◆ **Your task**
Reproduce the full listing below unchanged, apart from the pictures.

◆ **Provided material**
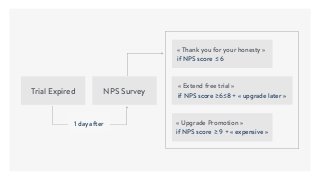 « Thank you for your honesty »
if NPS score ≤ 6
« Upgrade Promotion »
if NPS score ≥ 9 + « expensive »
« Extend free trial »
if NPS score ≥6≤8 + « upgrade later »
Trial Expired NPS Survey
1 day after
 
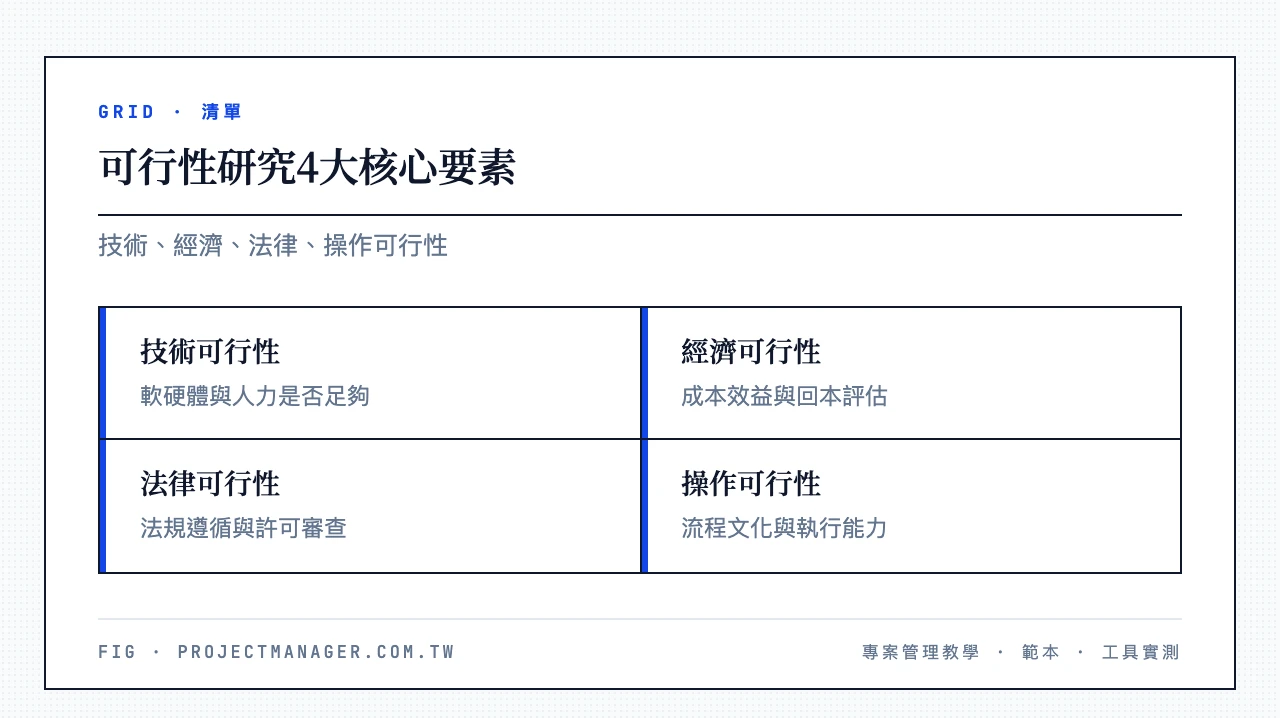 可行性研究4大核心要素：技術可行性、經濟可行性、法律可行性、操作可行性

◆ **The answer**
 « Thank you for your honesty »
if NPS score ≤ 6
« Upgrade Promotion »
if NPS score ≥ 9 + « expensive »
« Extend free trial »
if NPS score ≥6≤8 + « upgrade later »
Trial Expired NPS Survey
1 day after
 
 可行性研究4大核心要素：技術可行性、經濟可行性、法律可行性、操作可行性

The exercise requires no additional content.